That night there was a gentle wind. The breath of the fire-monster swept up over the horizon and came upon us with a deadly blast. We woke up, choking. It was daylight, with a small red-yellow sun dim and blurred by the poisonous haze that enveloped us.

Nona was crying. But suddenly I laughed, triumphantly, for I realized now that the fire-monster could not harm us.

We were lying at the river bank. I seized Nona in my arms and flung her headlong downward into the water. And I plunged in after her. The water here was deep—thirty feet perhaps, as you on Earth would measure it. With arms flying, we sank like stones to the river bottom.

CHAPTER VII

I was presently breathing the water with fair normality. Indeed, after the noxious air we had been struggling with so long, it came almost as a relief. Nona’s arms were about my neck; I loosed them, but she clung to my hand. Together we tried to stand upright.

This river bottom seemed a gray sand. But we could not maintain footing. The water was empty—by which I mean there was no marine vegetation here—nothing that we could grip with our hands. And from behind us, the current wafted us gently but irresistibly forward.

I soon discovered that normally we would float in an upright position. We held ourselves so with our toes occasionally touching the soil, bouncing along like feathers in a gentle breeze.

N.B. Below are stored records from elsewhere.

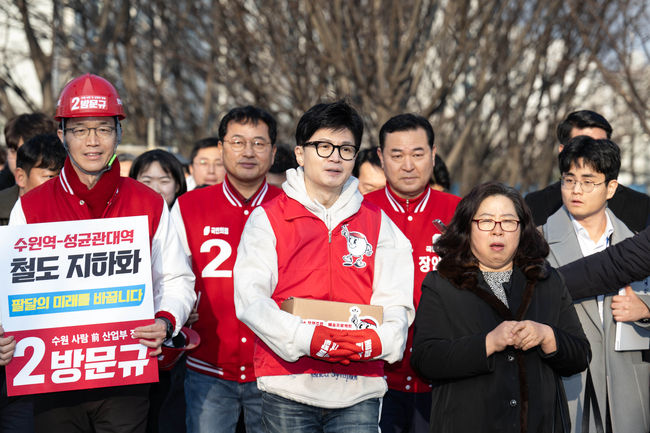 한동훈 국민의힘 비상대책위원장이 지난달 31일 경기 수원시 천천동보도육교에서 지역 주민과 동행하며 애로 사항을 청취하고 있다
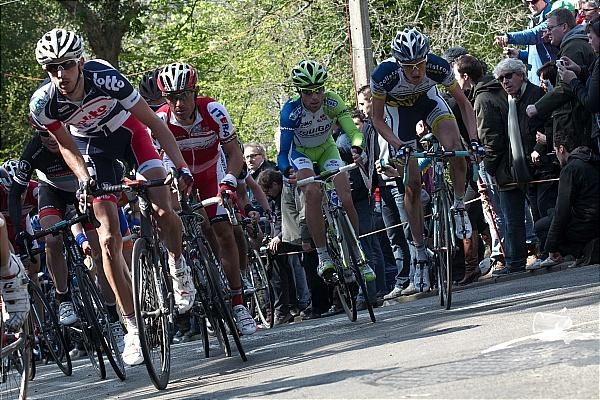 Jelle Vanendert (Lotto Belisol) leads Joaquim Rodriguez (Katusha) on their second ascent of the Mur de Huy.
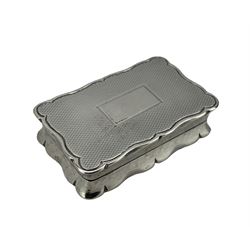 Silver snuff box with engine turned decoration and vacant cartouche L5cm Birmingham 1937 Maker Joseph Gloster Ltd 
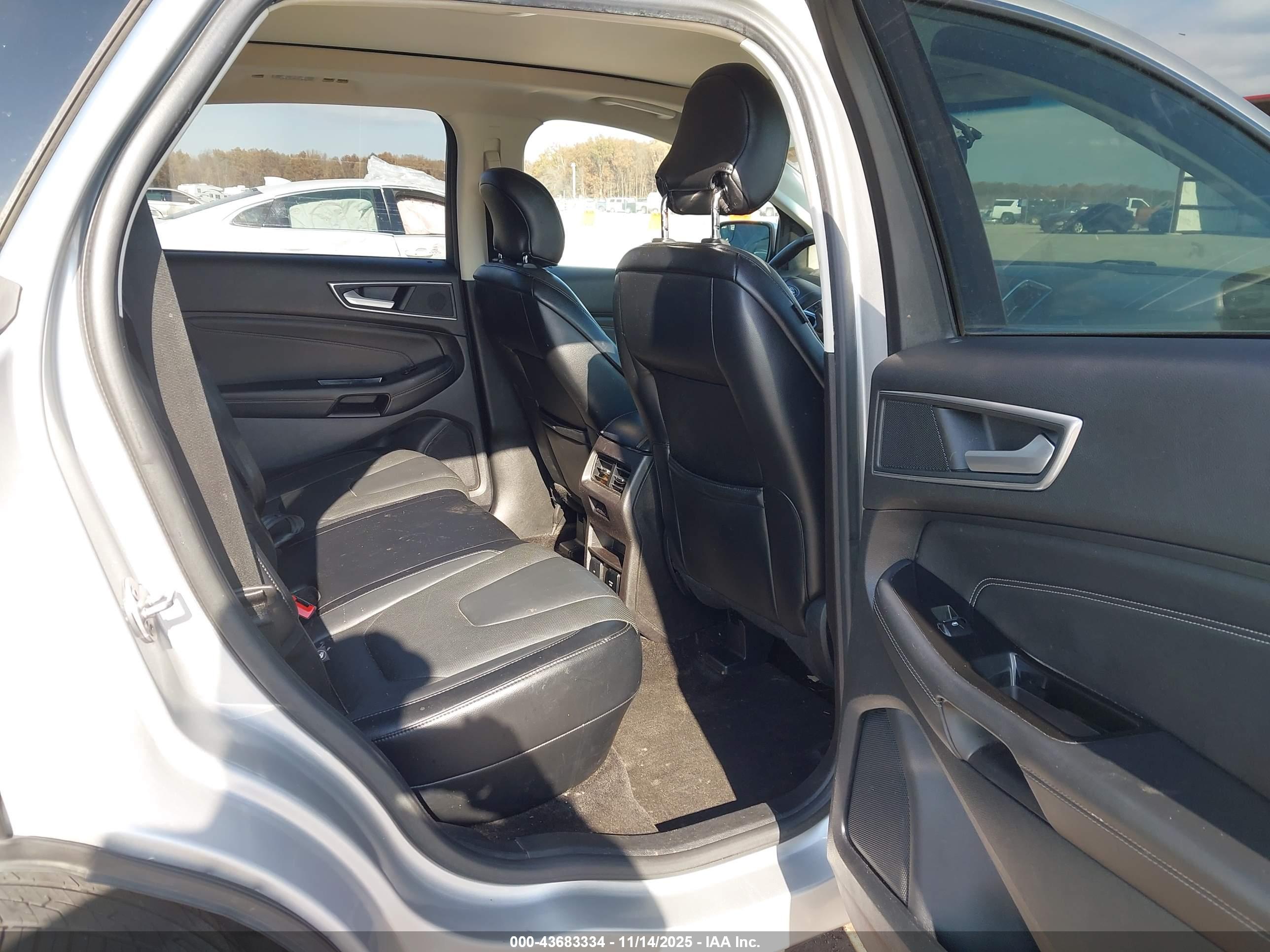 FORD EDGE image 8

The scene around us now more resembled a misty gray day on one of our sandy Earth-deserts than anything else I can call to mind. The ground was undulating gray sand, sloping upward to one side, and with a steady incline downward in front. And down this slope we were blowing.

Swim, you say? It never occurred to either of us! We were frightened; we clung to each other, striving to remain upright.

Very soon the light from overhead seemed to deepen. But other light—the diffused light inherent to the water itself—grew brighter by contrast. We were swept forward much faster—and down a much steeper hill. I know now that the change was caused by the river having plunged into that cliff-face, to become subterranean.